Regulatory & Compliance

DETERMINATION OF CONTRACT PRICES IN EXCHANGE OR EXCHANGE INDEX, WITHIN THE IMPLEMENTATION OF DECISION 32 ON THE PROTECTION OF THE VALUE OF THE TURKISH CURRENCY, WITH ALL THE UPDATES AS OF APRIL 2023

In 2018, with the regulation added to Decree No. 32 in accordance with the Presidential Decree, it was generally prohibited for any payment obligation, including negotiable instruments issued due to the contract, to be agreed upon in foreign currency or indexed to foreign currency within the scope of contracts signed among resident individuals in Turkey. Therefore, the necessity arose for determining the amounts in Turkish Lira in existing contracts, which were previously concluded before September 13, 2018, and were denominated in foreign currency or indexed to foreign currency, despite being subject to the ban. Although exceptions were made for i) collected receivables, ii) overdue receivables, and iii) issued and circulated negotiable instruments, stating that there was no need to adjust the amounts for these contracts as of the aforementioned date, companies were still required to review their existing contracts due to the adjustment obligation. Consequently, many companies faced problems in their relationships with business partners, and numerous questions arose regarding the actions to be taken. Despite years passing since the implementation of this regulation, due to various updates following the initial implementation period, it still creates confusion for many practitioners as to which contracts can be denominated in foreign currency or indexed to foreign currency and which cannot.
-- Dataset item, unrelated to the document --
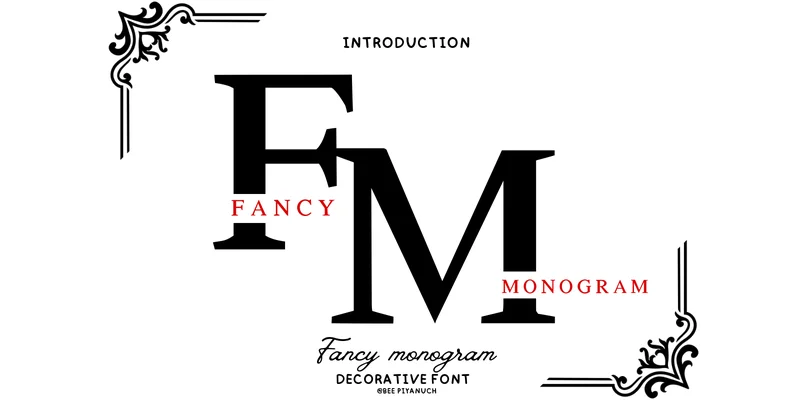 Fancy Monogram Font by Bee piyanuch by Bee piyanuch — Decorative Font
Furthermore, in order to address the problems encountered during this process, numerous exceptions have been added to the regulation, making the situation even more challenging for practitioners.
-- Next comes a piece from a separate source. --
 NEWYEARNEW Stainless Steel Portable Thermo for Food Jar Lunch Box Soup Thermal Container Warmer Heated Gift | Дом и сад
Significant exceptions to the ban were introduced by the Treasury and Finance Ministry Communiqué No. 32/34 dated October 6, 2018. This article aims to shed light on the exceptions and their impact on corporate law by addressing the related subheadings, and to answer questions that may cause confusion as much as possible.

First and foremost, it should be noted that the ban, as a rule, applies to “contracts between residents in Turkey.” Accordingly, it is clear that this ban will apply to real estate sale and lease contracts, service contracts, and employment contracts between residents in Turkey.  However, under the exception introduced by the Communiqué No. 32/34, cases where both parties are resident in Turkey but one of the parties does not have citizenship ties with Turkey are exempt from this ban.

 

Free Zones:

In terms of real estate sales and lease agreements, residential and commercial property sales and lease agreements located within the domestic territory have been included within the scope of prohibition. However, through an exception introduced on November 16, 2018, sales and lease agreements where companies located in free zones act as buyers or lessees regarding their activities within the free zone have been exempted from this prohibition. As a result, in practice, numerous individuals and companies with headquarters outside the free zone but with branch offices inside a free zone have promptly relocated their headquarters to free zones. Similarly, employment or service agreements in which free zone companies are involved as employers or service recipients within the scope of their activities in free zones are also within the scope of exception.

 

Subsidiaries of Foreign Investments in Turkey:

Moreover, it is possible to arrange certain contracts that the foreign individuals or entities established abroad as “contracting parties,” which may include their branches, representative offices, offices, or liaison offices in Turkey, or companies in which they directly or indirectly hold fifty percent or more ownership, or other companies under the joint control of these foreign individuals/companies. These contracts can be denominated in foreign currency or indexed to foreign currency. However, these types of contracts in question only encompass real estate sales and lease agreements, where these individuals act as “buyers” or “tenants,” employment contracts where they act as “employers,” and service contracts where they act as “service recipients.”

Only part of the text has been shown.